Invisible Choices, Made by Default
There are two popular language learning software platforms: Anki and Duolingo. Anki is hard, free and effective. Duolingo is easy, commercial and ineffective.
The number of Duolingo users far outstrips the number of Anki users. Duolingo has 8 million downloads on the Play Store. Anki has 40 thousand. So there are 200 Duolingo users for every Anki user[1]. If you ask a random language learner what software to use they’ll probably suggest Duolingo. If you ask a random successful language learner what software to use they’ll probably suggest Anki. Most language learners are unsuccessful.
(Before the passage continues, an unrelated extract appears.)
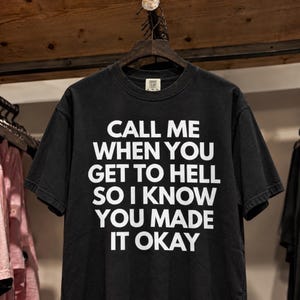 Könnte beinhalten: Ein schwarzes Kurzarm-T-Shirt mit dem weißen Aufdruck CALL ME WHEN YOU GET TO HELL SO I KNOW YOU MADE IT OKAY. Das Kleidungsstück hat einen Rundhalsausschnitt und hängt an einem dunklen Kleiderbügel, was ein schlichtes Grafikdesign zeigt.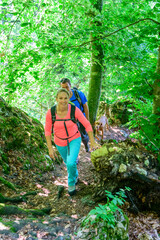 Junge Leute wandern gutgelaunt im schattigen Wald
It should be no surprise that most language learners use an ineffective product. Learning a language is hard. Duolingo is designed to attract as many customers as it can. Therefore Duolingo must be easy to use. Anki is designed to work. Therefore Anki must be hard to use[2]. Effectiveness and mass-adoption are mutually exclusive.
On average, you’ll have to ask 200 language learners what software they use before one of them tells you about Anki. In practice, you are unlikely to stumble across Anki at all. You can only find out about Anki if you go looking for it and you’ll only go looking for it if you already know it exists.
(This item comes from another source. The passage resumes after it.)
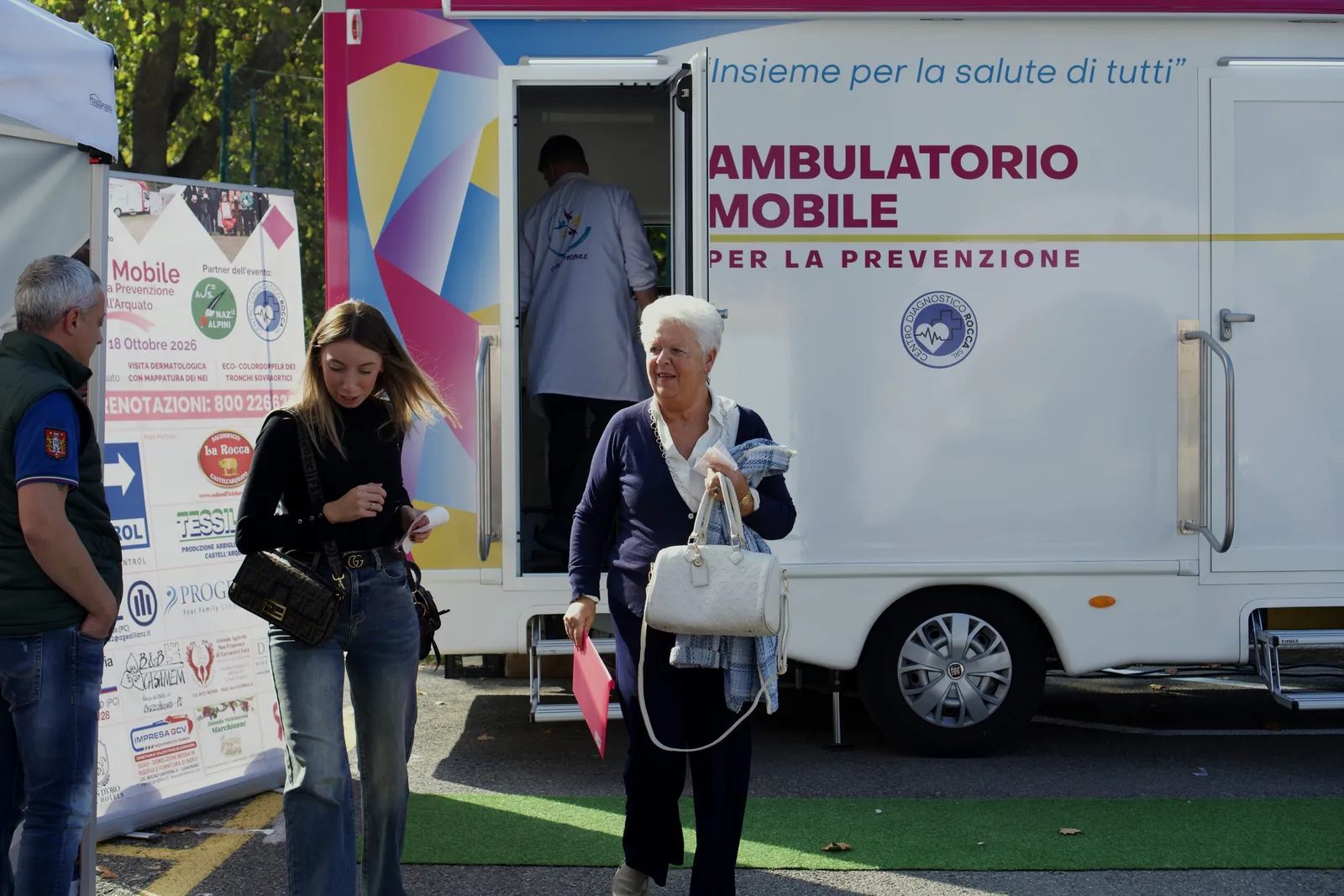 Una signora sorridente con la cartellina rosa si allontana dall'ambulatorio mobile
No one ever told me about most of the software I use. Usually I’ll infer that it must exist and then go looking for it. This is how I discovered qutebrowser, Spacemacs, tmux, i3 and—of course—Anki.
This principle isn’t limited to open source software. Everything I’ve ever taken seriously exhibits a similar pattern. There’s a common way most people do it and there’s a cheaper, better, skill-intensive way a tiny minority do it.
Minority opinions are inherently controversial. Here are a few (relatively) uncontroversal examples to illustrate the trend:
Vim keybindings vs. conventional hotkeys
Lisps vs. programming languages without syntactic macros
Good history books vs. the news
Powerlifting vs. popular exercise de jour
Tiling window managers vs. the desktop metaphor
If you disagree with one of the examples above that’s okay but I won’t reply to you in the comments.
I don’t mind choosing to be part of the majority. I watch mainstream movies. I eat at popular restaurants. I perform the oldest magic tricks in the book. I’m okay with these choices I know about.
I make most of my choices unknowingly, by default, from the options presented to me. Most of the time I pick Duolingo over Anki without ever knowing I’ve made a choice.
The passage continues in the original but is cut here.